Cult-ivating Ignorance

| Hilliard, OH, USA | Bigotry, Religion

(I managed a family-owned bookstore that caters to Mormons. We have people come in weekly to pick fights with us, and by this time I was use to being called about every name in the book.)

Customer: “You have a lot of pictures of Jesus in here. Is this a Christian book store?”

Me: “Yes, we cater to members of the Church of Jesus Christ of Latter-day Saints.”

Customer: “Church of Christ you say? Cool, okay.” *wanders off*

(About 10 minutes later he comes back, confused.)

Customer: “Why do you have the Book of Mormon in your store?”

Me: “It is one of our Holy books, along with the Bible.”

Customer: “Is this a Mormon store?”

Me: “Yes, the LDS Church is one of the branches of the Mormon religion.”

Customer: “Aren’t you a cult?”

Me: “No, were just another kind of Christian, like Catholics or Protestants but with our own beliefs that set us apart.”

Customer: “No, you are a cult.”

Me: “Cults generally follow one leader, and our leader is Jesus Christ. So, if you want to say following Jesus makes one in a cult then you may be right.”
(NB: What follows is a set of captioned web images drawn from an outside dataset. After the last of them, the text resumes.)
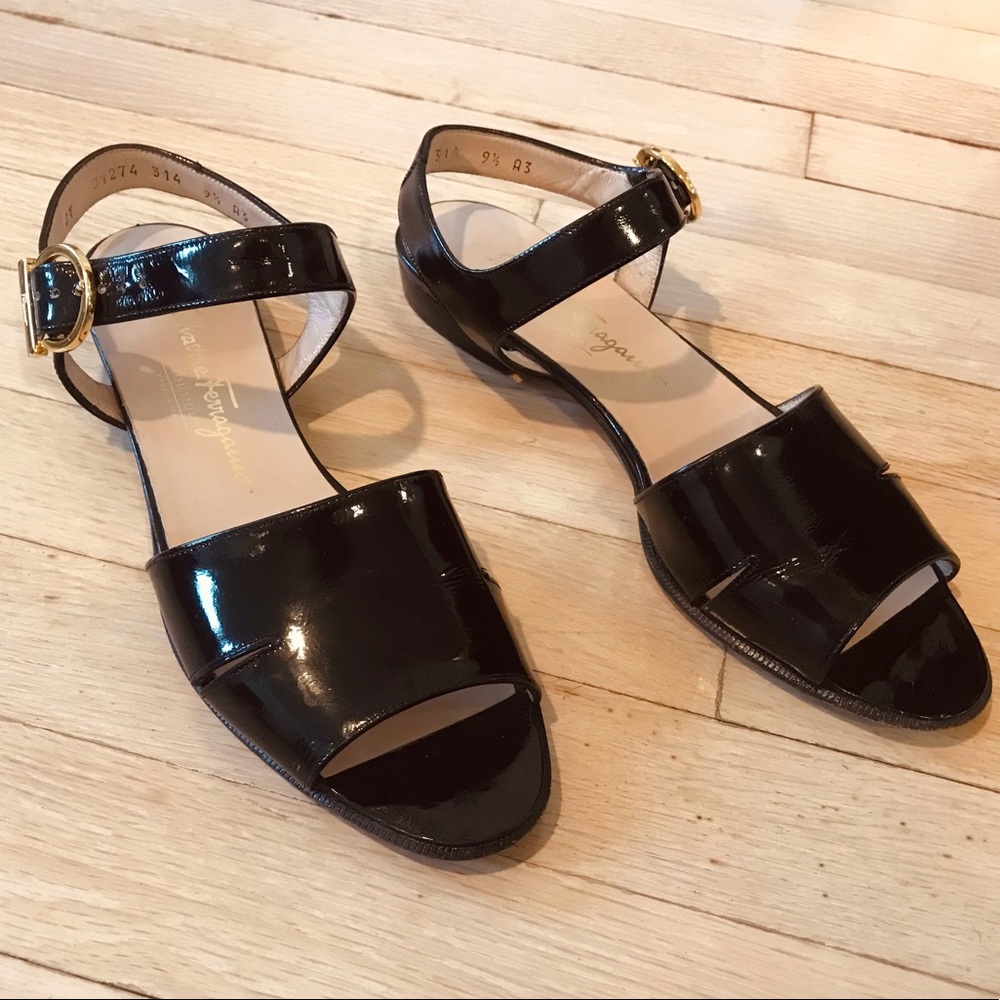 Ferragamo Patent Sandals with Gold Buckle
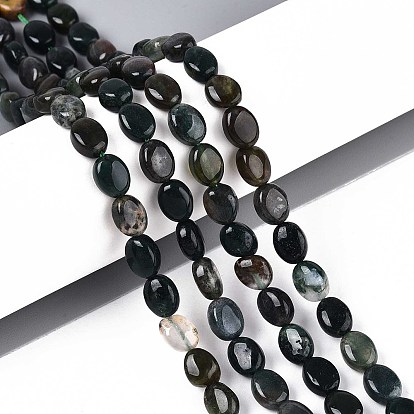 Природного индийского агата бисер нитей, Плоско-овальные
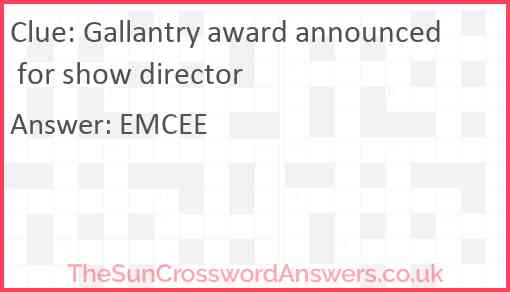 Gallantry award announced for show director Answer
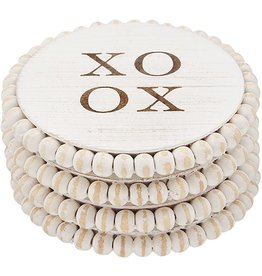 Mud Pie XO Beaded Wood Coasters Set of 4 In White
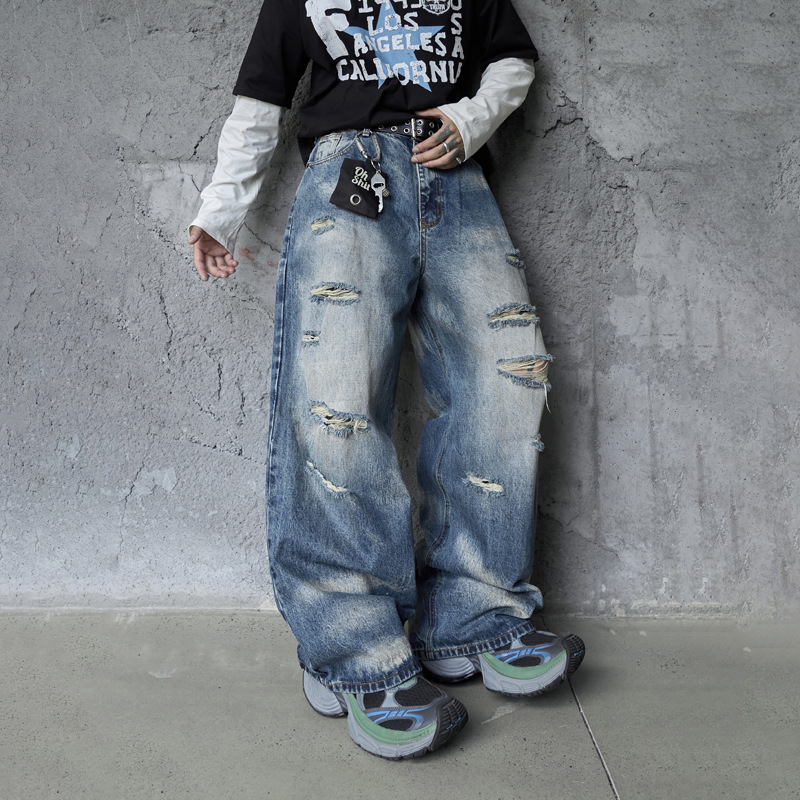 Vintage Personality Design Ripped Streetwear Loose Fit Jeans Men Hip Hop Distressed Wide Leg Long Pants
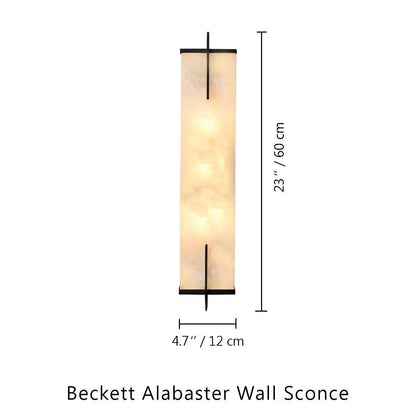 Beckett Alabaster Wall Sconce - ∅ 4.7″ x H 23.6″ / Dia 12cm x H 60cmBrassDeco Ranches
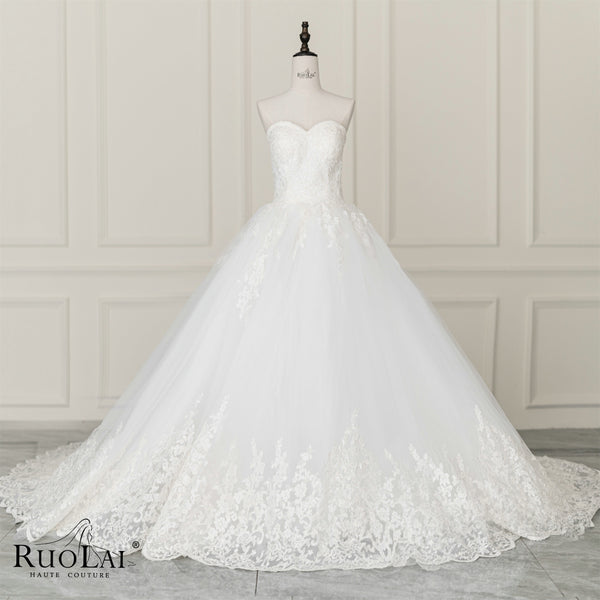 QW01829 Romantic Sweetheart Neck Lace Bride Ball Gown Wedding Dress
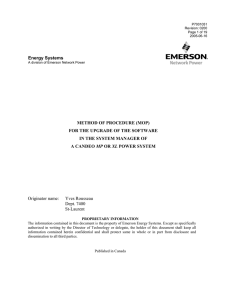 Energy Systems  METHOD OF PROCEDURE (MOP) FOR THE UPGRADE OF THE SOFTWARE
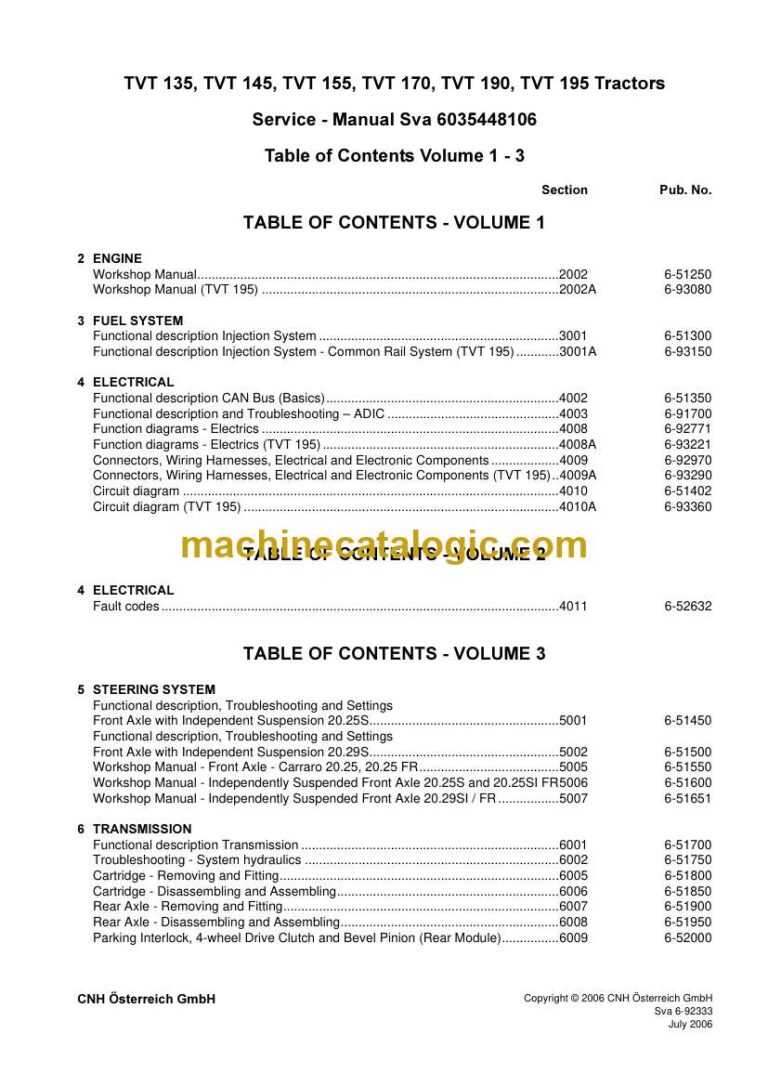 New Holland TVT135, TVT145, TVT155, TVT170, TVT190, TVT195 Tractor Service Manual (6035448106)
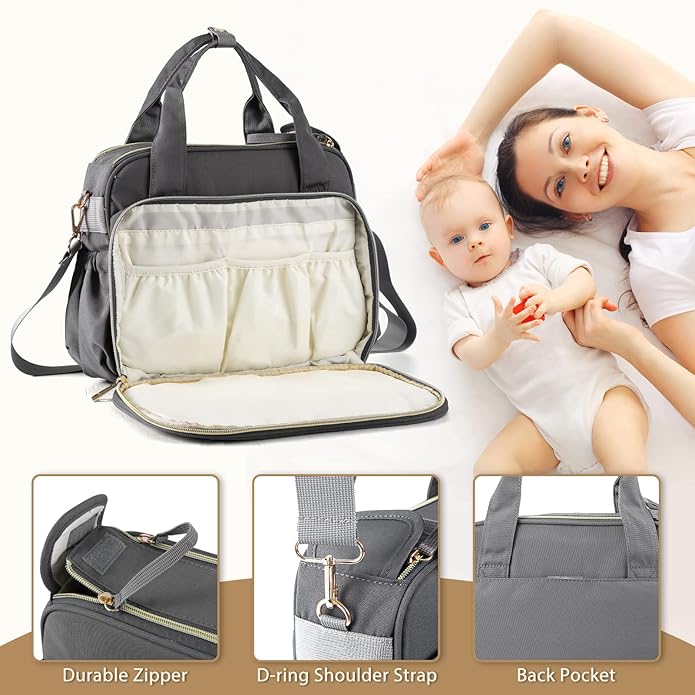Crossbody Small Diaper Bag, Cute Mini Baby Diaper Tote Bags with Insulated Pockets for Traveling Outdoor Parent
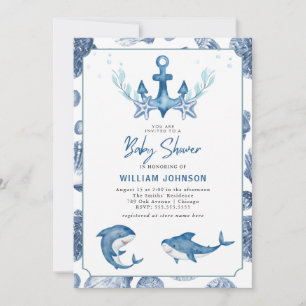 Moderne sous le Baby shower de mer Invitation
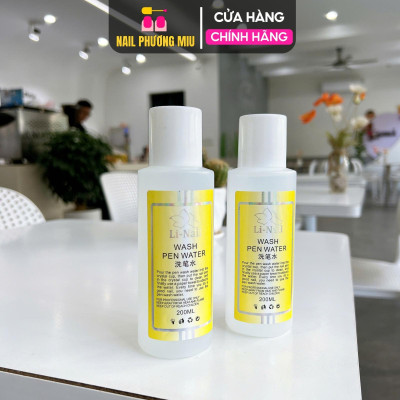 Nước Rửa Cọ Li-Nail Siêu Sạch 200ml Làm Sạch Cọ Đắp Bột Gel Vẽ, Giữ Lông Cọ Mềm Mại, Phụ Kiện Chuyên Dùng Làm Nail Phá Gel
Customer: “You follow Jesus, you say? Is this the Jesus you follow in the pictures on the wall?” *points to an image of Christ overlooking Jerusalem*

Me: “Yes.”

Customer: “Well, you are a cult then. That Jesus looks too perfect.”

Me: *confused* “We do believe that Jesus, as the Son of God, is perfectly perfect.”

Customer: “No, that’s a lie. Jesus can’t be perfect. Only God is perfect.”

Me: “Yes, and we believe that Jesus is God.”

Customer: “Wait, you worship Jesus?”

Me: “Um… yes.”

Customer:Real Christians don’t worship Jesus. You are a cult!” *storms out*

Slightly Accented Hair

| NY, USA | Canada, Extra Stupid, Tourists/Travel

(I have lilac hair with blue tips. I also wear light grey contacts, and I have slight Irish accent.)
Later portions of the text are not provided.